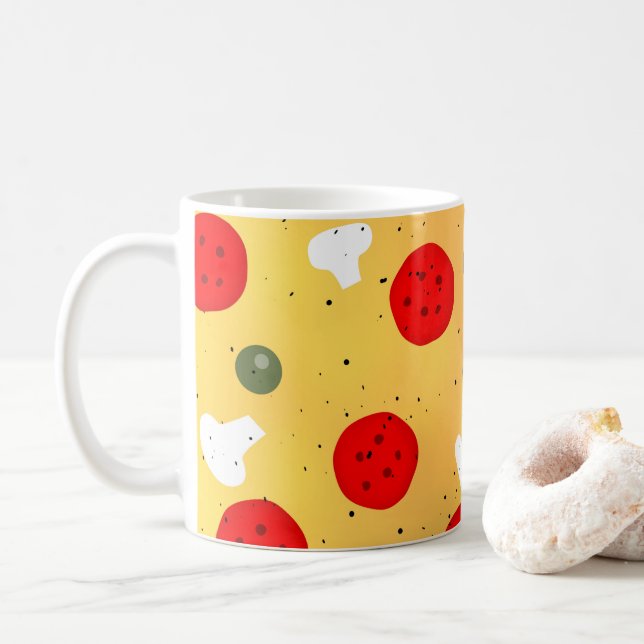 Cooler Pizzapepperoni-Pilz Kaffeetasse (Mit Donut)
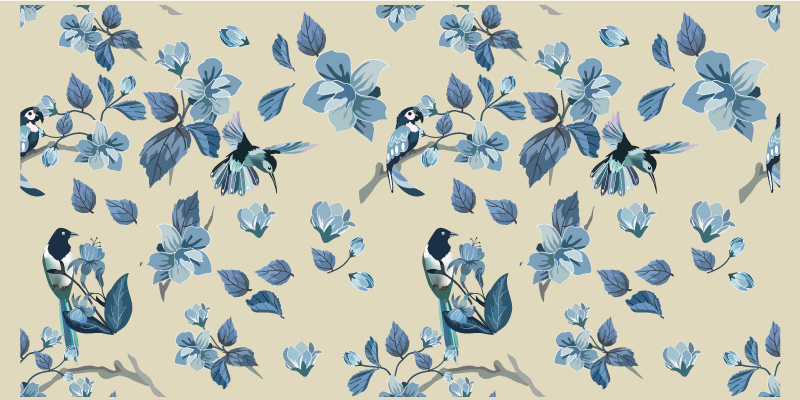 λουλουδένιο χαλί με γαλλικό επαρχιακό βοτανικό σχέδιο - TenStickers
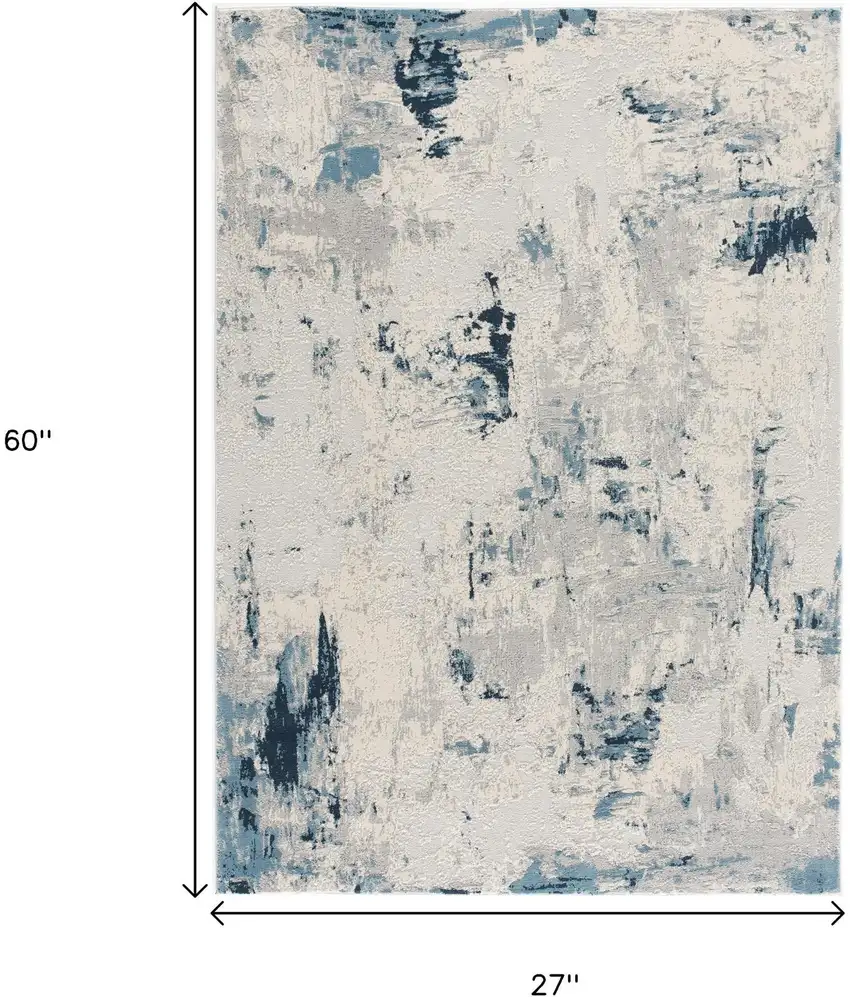 Blue And Cream Abstract Area Rug Photo 3
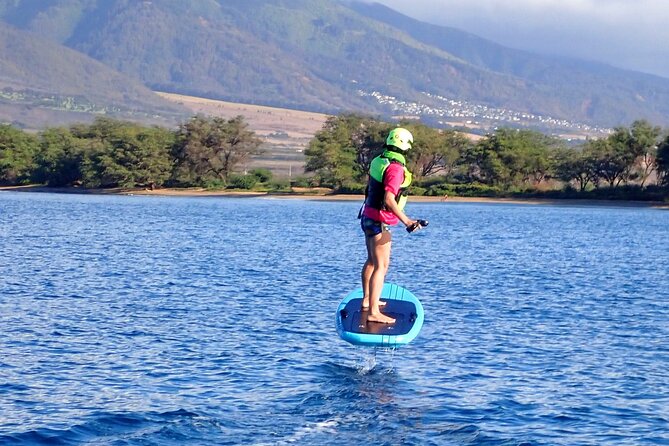 Electric Foilboard rides/lessons/sessions at Sugar Beach, Maui - Instructor coaching and small-group attention (with Steve as the example)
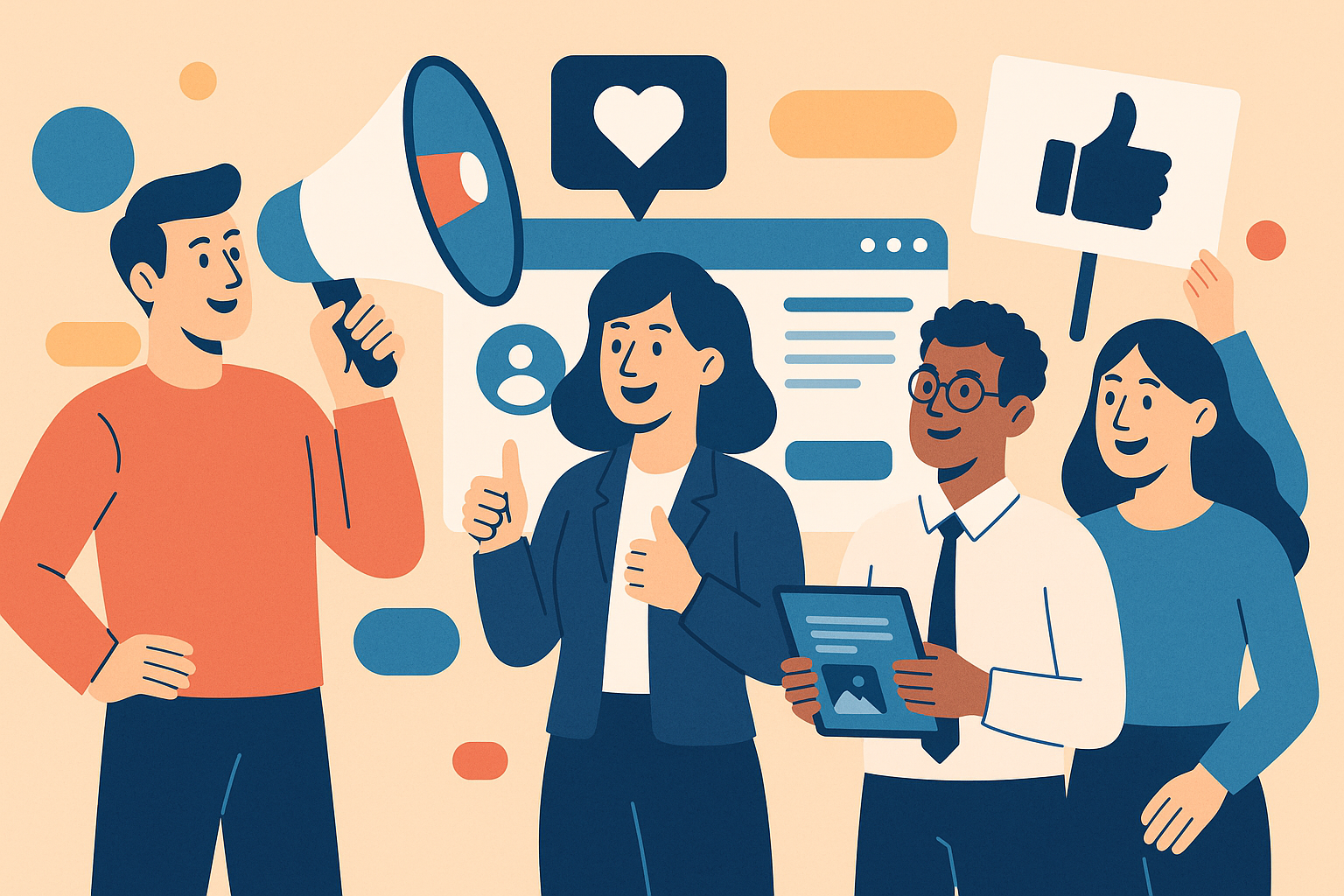 Professional illustration representing Implementing a B2B Marketing Strategy for Employee Advocacy featuring elements rela...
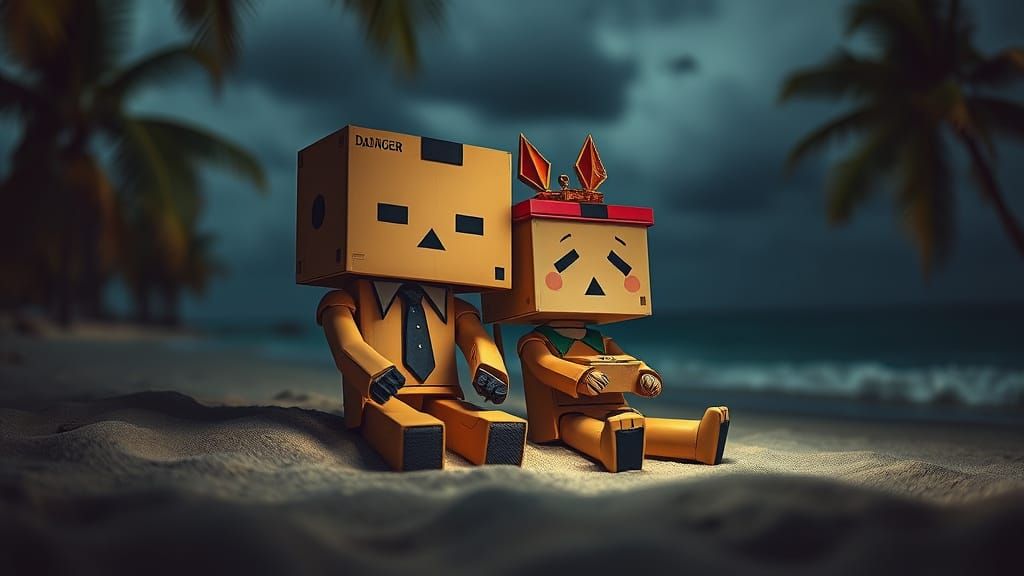 Tommy Danger and Ms Zing  are anthropomorphic cardboard boxes liquified beautiful cute amazing incredible fantastic like...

______

Return each line from the material above exactly, but not the pictures.

COMPLETED EXERCISE:
 Cooler Pizzapepperoni-Pilz Kaffeetasse (Mit Donut)
 λουλουδένιο χαλί με γαλλικό επαρχιακό βοτανικό σχέδιο - TenStickers
 Blue And Cream Abstract Area Rug Photo 3
 Electric Foilboard rides/lessons/sessions at Sugar Beach, Maui - Instructor coaching and small-group attention (with Steve as the example)
 Professional illustration representing Implementing a B2B Marketing Strategy for Employee Advocacy featuring elements rela...
 Tommy Danger and Ms Zing  are anthropomorphic cardboard boxes liquified beautiful cute amazing incredible fantastic like...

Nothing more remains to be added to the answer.